The coronavirus pandemic has impacted the way consumers spend, save, and invest their money, especially with record job losses amid a recession. The Federal Pandemic Unemployment Compensation program gave all unemployed workers an additional $600 a week through the end of July, helping them pay their mortgages, car payments, and credit card bills.
As millions of Americans are now working at home, many have opted to buy homes in areas that are affordable, moving out of major cities such as New York and San Francisco and to more suburban areas that offer more square footage. With record-low mortgage interest rates, many consumers seized the opportunity to purchase their first home.
Consumers who are tired of renting and want to own a house and build equity can explore their mortgage options by visiting Credible to compare rates and lenders.
Other consumers have opted to refinance their mortgages into lower interest rates. Refinancing makes sense if you do not have plans to move during the next few years, said Leslie Tayne, a Melville, N.Y. attorney specializing in debt relief. Shop around for the best interest rates, but also consider your current mortgage lender since the company might offer lower fees which keep the costs down.
Refinancing can save homeowners thousands of dollars each year and help them pay off a mortgage sooner. Explore your mortgage refinance options by visiting Credible to compare rates and lenders.
Paying down existing debt
Consumers who have extra cash should pay more than the monthly minimum payment each month to save money on interest and fees for credit cards and personal loans, said Bruce McClary, spokesperson for the National Foundation for Credit Counseling, a Washington, D.C.-based non-profit organization.

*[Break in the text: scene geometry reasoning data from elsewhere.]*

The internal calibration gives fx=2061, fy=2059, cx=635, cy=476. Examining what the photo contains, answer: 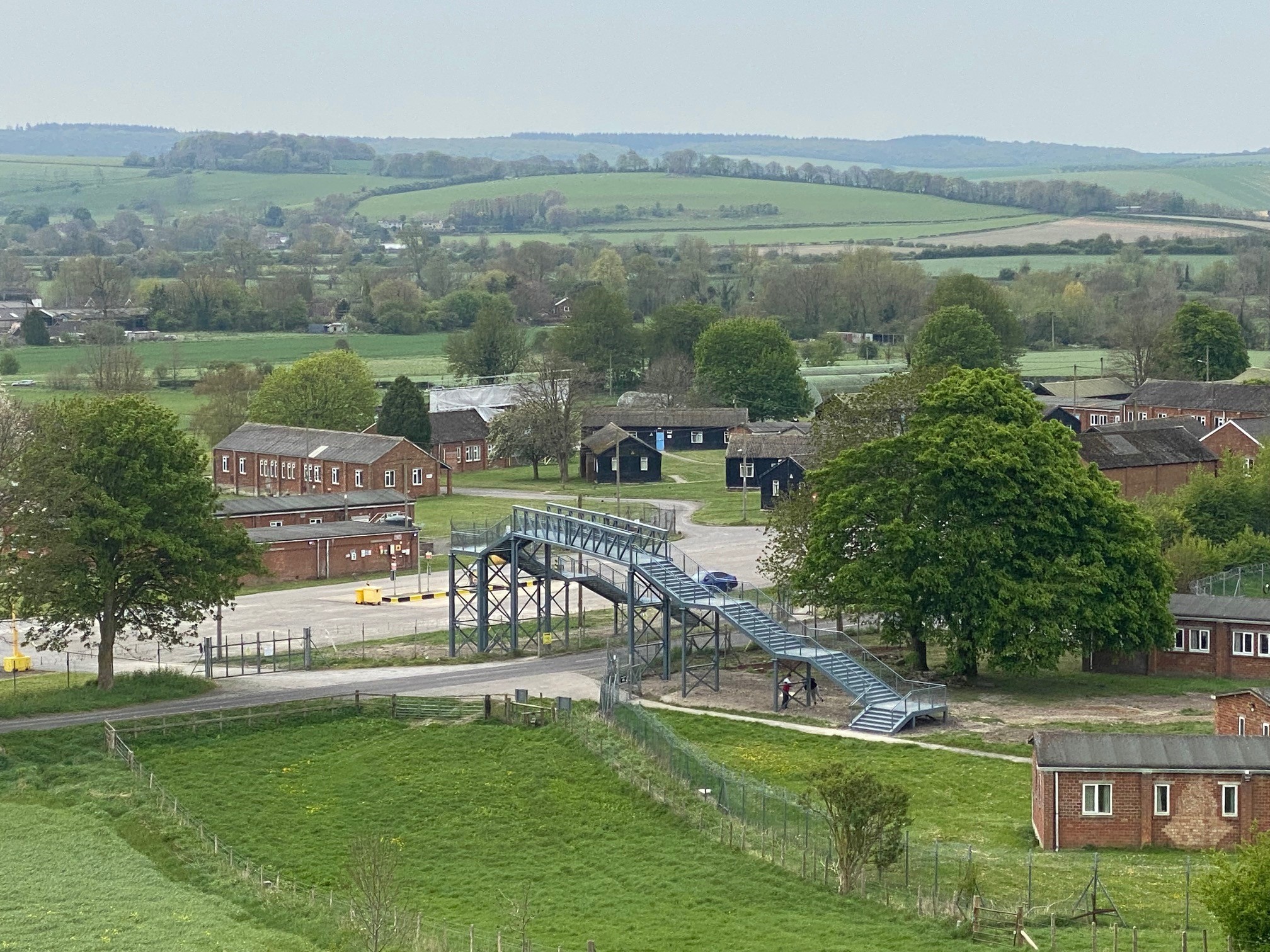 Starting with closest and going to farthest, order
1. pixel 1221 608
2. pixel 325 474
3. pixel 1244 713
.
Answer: pixel 1244 713
pixel 1221 608
pixel 325 474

“Making minimum payments means interest will continue to accrue over a longer period of time, ultimately costing you more money,” he said.
People who have good credit should consider applying for a credit card or personal loan with an introductory offer with a lower interest rate to reduce monthly payment amounts.

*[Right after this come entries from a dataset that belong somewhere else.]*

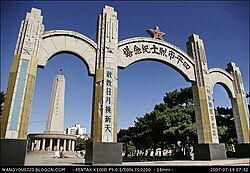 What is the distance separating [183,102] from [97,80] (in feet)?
42.6

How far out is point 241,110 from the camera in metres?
10.5

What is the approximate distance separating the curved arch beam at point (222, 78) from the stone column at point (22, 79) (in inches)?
330

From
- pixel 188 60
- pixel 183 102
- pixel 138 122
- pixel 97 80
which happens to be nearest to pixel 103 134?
pixel 97 80

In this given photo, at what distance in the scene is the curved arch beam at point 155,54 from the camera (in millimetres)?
8258

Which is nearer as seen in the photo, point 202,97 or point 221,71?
point 202,97

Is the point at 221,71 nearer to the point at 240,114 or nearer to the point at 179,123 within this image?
the point at 240,114

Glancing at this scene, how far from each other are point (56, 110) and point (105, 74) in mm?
16179

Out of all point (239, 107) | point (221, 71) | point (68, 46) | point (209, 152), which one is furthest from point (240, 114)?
point (68, 46)

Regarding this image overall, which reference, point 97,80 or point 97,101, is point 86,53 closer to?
point 97,80

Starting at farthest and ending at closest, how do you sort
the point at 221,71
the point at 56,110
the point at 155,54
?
the point at 56,110 → the point at 221,71 → the point at 155,54

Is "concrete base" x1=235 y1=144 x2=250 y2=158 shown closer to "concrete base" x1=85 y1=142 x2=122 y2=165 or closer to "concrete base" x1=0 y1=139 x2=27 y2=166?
"concrete base" x1=85 y1=142 x2=122 y2=165

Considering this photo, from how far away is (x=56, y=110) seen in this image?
21.5 m

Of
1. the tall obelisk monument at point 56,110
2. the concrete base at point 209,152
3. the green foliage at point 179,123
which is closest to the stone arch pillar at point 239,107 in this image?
the concrete base at point 209,152

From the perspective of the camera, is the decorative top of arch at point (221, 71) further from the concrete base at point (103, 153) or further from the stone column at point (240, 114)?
the concrete base at point (103, 153) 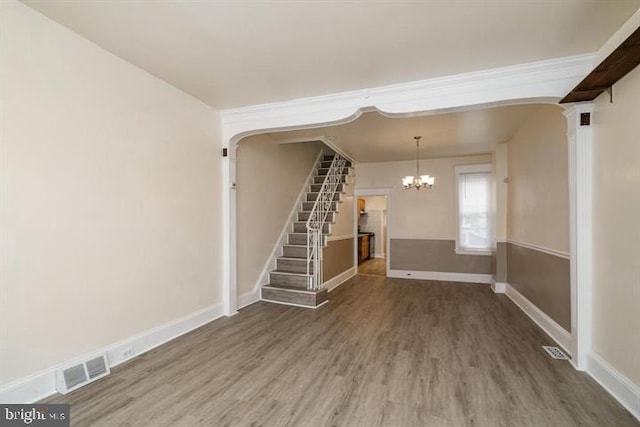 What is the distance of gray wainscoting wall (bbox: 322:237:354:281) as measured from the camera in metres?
5.85

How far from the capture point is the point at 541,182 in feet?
12.7

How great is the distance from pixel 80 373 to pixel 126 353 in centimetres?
43

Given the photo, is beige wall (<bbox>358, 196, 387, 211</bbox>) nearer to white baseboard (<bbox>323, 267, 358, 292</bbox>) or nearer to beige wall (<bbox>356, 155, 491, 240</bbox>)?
beige wall (<bbox>356, 155, 491, 240</bbox>)

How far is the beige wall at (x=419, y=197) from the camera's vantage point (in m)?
6.86

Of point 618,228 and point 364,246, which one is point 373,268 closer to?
point 364,246

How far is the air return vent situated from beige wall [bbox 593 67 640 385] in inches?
162

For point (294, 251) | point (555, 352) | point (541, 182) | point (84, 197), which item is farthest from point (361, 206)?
point (84, 197)

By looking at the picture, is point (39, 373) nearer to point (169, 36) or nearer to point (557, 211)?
point (169, 36)

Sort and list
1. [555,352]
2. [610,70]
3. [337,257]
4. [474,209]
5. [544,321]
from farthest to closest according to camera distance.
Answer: [474,209] → [337,257] → [544,321] → [555,352] → [610,70]

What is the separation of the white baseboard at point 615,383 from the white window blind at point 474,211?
421 centimetres

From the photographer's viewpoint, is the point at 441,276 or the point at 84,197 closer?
the point at 84,197

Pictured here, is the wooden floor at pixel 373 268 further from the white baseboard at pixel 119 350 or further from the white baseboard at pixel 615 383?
the white baseboard at pixel 615 383

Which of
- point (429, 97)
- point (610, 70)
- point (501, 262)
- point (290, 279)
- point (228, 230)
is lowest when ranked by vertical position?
point (290, 279)

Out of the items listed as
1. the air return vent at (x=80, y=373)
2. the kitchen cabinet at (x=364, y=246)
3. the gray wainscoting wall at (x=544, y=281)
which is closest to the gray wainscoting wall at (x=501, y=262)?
the gray wainscoting wall at (x=544, y=281) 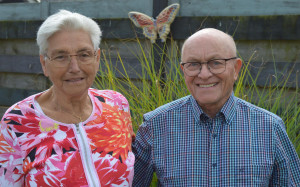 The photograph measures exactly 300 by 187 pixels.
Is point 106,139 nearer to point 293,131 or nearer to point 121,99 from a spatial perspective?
point 121,99

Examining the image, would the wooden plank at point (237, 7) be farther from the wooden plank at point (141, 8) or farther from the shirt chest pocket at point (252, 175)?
the shirt chest pocket at point (252, 175)

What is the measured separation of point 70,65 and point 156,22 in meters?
2.70

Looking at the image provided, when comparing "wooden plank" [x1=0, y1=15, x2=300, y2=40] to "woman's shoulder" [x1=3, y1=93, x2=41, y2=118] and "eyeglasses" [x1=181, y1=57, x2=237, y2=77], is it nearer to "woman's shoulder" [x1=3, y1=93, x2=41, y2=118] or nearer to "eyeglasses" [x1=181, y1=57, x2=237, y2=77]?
"eyeglasses" [x1=181, y1=57, x2=237, y2=77]

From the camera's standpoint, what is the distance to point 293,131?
2.98 m

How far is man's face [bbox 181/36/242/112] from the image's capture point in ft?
6.76

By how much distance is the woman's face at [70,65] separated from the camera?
1.99 m

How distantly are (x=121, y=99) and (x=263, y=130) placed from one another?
857 millimetres

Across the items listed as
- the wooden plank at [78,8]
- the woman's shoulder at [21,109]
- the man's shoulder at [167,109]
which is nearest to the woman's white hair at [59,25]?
the woman's shoulder at [21,109]

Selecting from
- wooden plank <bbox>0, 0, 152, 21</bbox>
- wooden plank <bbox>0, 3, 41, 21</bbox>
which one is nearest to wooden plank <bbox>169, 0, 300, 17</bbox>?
wooden plank <bbox>0, 0, 152, 21</bbox>

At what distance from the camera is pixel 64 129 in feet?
6.72

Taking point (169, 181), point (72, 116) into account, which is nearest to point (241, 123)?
point (169, 181)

“You can get even more traction if you move balances to lower interest rate loans or lines of credit or negotiate lower interest on the accounts you have,” McClary said.

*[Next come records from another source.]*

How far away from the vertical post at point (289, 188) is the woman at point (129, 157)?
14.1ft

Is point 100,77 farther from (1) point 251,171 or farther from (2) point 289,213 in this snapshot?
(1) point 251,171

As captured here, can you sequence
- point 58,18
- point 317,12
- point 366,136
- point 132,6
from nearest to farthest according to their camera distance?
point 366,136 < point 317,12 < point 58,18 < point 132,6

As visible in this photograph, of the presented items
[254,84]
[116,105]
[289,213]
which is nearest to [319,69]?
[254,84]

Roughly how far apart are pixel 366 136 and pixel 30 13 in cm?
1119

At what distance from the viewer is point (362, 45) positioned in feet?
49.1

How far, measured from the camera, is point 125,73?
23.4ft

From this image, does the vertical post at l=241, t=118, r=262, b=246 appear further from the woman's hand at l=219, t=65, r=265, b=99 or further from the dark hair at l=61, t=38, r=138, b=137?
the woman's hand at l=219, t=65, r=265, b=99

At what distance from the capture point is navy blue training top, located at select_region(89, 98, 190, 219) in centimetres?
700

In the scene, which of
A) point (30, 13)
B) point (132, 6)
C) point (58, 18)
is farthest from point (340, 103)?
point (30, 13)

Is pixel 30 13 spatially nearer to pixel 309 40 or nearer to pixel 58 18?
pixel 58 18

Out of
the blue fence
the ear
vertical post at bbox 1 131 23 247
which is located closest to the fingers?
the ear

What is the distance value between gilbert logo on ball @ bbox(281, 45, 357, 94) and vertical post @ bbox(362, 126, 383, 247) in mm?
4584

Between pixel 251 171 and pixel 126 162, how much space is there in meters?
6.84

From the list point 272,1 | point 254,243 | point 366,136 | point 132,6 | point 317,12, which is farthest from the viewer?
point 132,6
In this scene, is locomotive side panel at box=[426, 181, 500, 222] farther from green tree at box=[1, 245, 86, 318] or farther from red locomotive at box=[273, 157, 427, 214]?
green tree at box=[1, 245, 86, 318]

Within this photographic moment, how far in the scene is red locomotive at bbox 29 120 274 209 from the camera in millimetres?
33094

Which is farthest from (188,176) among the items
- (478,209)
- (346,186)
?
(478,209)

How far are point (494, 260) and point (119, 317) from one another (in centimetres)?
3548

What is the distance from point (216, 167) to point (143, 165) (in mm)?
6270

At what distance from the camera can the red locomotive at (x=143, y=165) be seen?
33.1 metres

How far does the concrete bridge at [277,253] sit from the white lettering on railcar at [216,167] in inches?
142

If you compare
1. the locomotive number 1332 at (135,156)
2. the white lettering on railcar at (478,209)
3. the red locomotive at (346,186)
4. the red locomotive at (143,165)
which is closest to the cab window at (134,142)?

To see what balance transfer cards have to offer, check out Credible's online marketplace.
Pay the minimum amount on the loans with the lowest interest rates and make the maximum possible payments on the accounts with the highest balances.
“This will prove the shortest route to paying down your debt,” said Paul Tyler, chief marketing officer at Nassau Financial Group, based in Hartford, Conn.
Consumers who like to see steady progress can adopt the strategy of paying off the smallest balances first. While this will take longer to eliminate debt, it could be one way to keep you psychologically motivated to stick to your plan, he said.
Refinance student loans
Consumers who are saddled with student loan debt should consider refinancing them into loans with lower interest rates which in turn decreases the monthly payments to a more affordable level. The Federal Reserve has chosen to keep interest rates at record lows, helping Americans pay down their debt.
People whose credit scores have risen recently should take advantage of refinancing since lenders examine a consumer’s credit history when considering what interest rate to offer.
To see current student loan refinancing interest rates, check out Credible.
Building up savings
The coronavirus pandemic has been a stark reminder of why it is important to have emergency savings in addition to long-term investments for retirement, McClary said. One step to easily saving money each month is to use automatic payroll deductions that can be transferred into a savings account.
“Making the most of your emergency savings also means looking for higher-yielding accounts, like certificates of deposit,” he said.
Consumers should save at least six months of expenses, but consider increasing that amount to nine months to one year since obtaining employment could take longer during a recession, said Daren Blonski, managing principal of Sonoma Wealth Advisors in California.
People should aim to save 15 percent of their income if they want to retire.
“If you pay your savings like your bills, you will save more money,” he said. “You have to play a trick on your mind. The more money you can put into a Roth IRA will benefit you in the long run because it will compound and distributions will come out tax-free.”